Green tree pythons start out a beautiful red or yellow color, and gradually change to their adult color which is usually green with flecks of yellow, blue, or white. These snakes are arboreal and are pretty motionless in the cage. They like to sit on a perch pretty much all day long. Since they are usually up on their perch, you can see them almost 100% of the time if you look into the cage.
This snake is definitely not a beginner snake. They require high humidity and lower temps than most pythons. If the right humidity is not met, they may not feed, they will have problems shedding, and they could even end up with serious respiratory illness. I only recommend these to people who have previous snake experience and are very serious about keeping on top of all of the animal's requirements. I wouldn't say they are hard to care for, but you must do research and prior snake experience is a huge help to that.
Feeding these snakes is usually pretty easy, but sometimes young can be tough starters. Adults usually do fine but some may go off feed if the slightest change in their surroundings happens. Breeding is very difficult when it comes to this animal - not so much the breeding itself, but hatching the eggs and successfully rearing the offspring.
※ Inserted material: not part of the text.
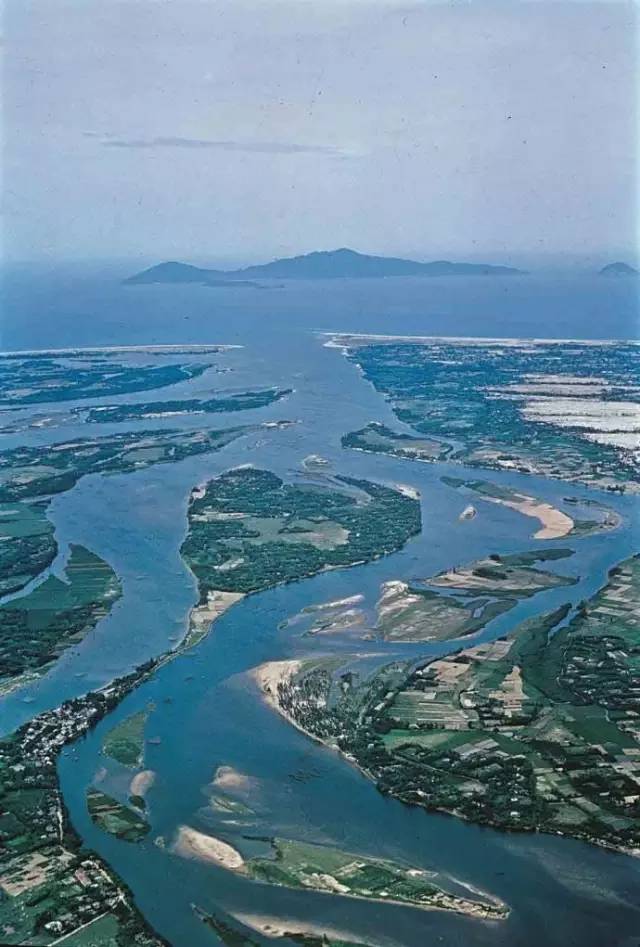 湄公河流域5个国家发布红木禁止令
Luckily my young female has never skipped a meal the entire time I've had her - since she was a tiny 1 month 13.5 gram neonate!
This snake is only available through breeders and importers, and rarely if ever seen in regular pet stores. They can cost anywhere from $250-5,000+ depending on bloodline and type. Some localities, such as the Sorong or Aru are known to be more docile than say the Biak.
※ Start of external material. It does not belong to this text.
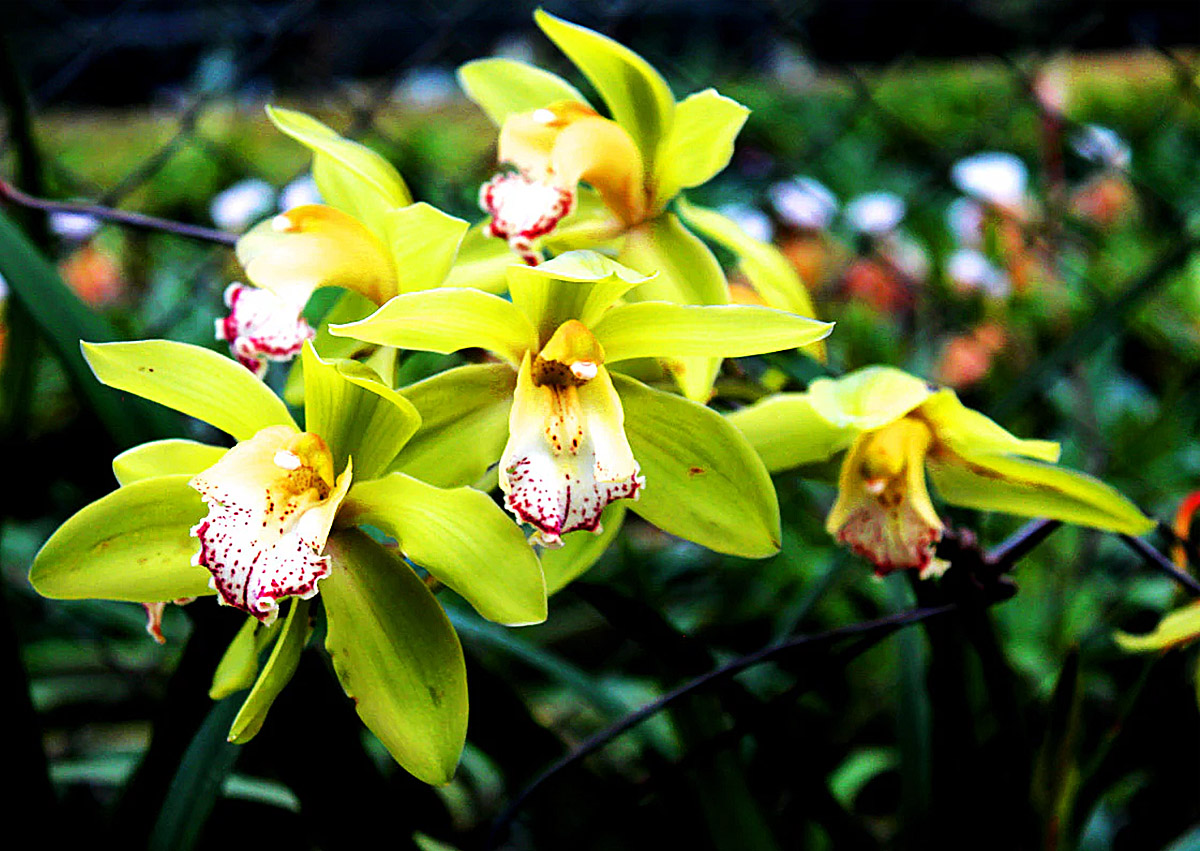 Shenzhen Nongke Orchid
I had a decent experience with my first GTP, but I didn't mind that she was a biter. I'm pretty sure she was an import. My 2nd experience with a GTP came early 2011 when I bought a 1 month old captive bred baby from a breeder at a local reptile show. She has been an absolute dream! She is now over a year old and it has been one of the most rewarding experiences to watch her grow and go through ontogenesis. She is a breeze to handle once out of the cage and has never skipped a meal or had any health issues. I wouldn't recommend such a young baby for everyone, but would always recommend a CB GTP over WC, LTC or "farm bred" any day. Spend the extra money on a nice healthy CB baby from a reputable breeder, it will save you a lot of heartache and money at the vet.
If you want a nice display animal and you are willing to take extra care, this is a good snake for you.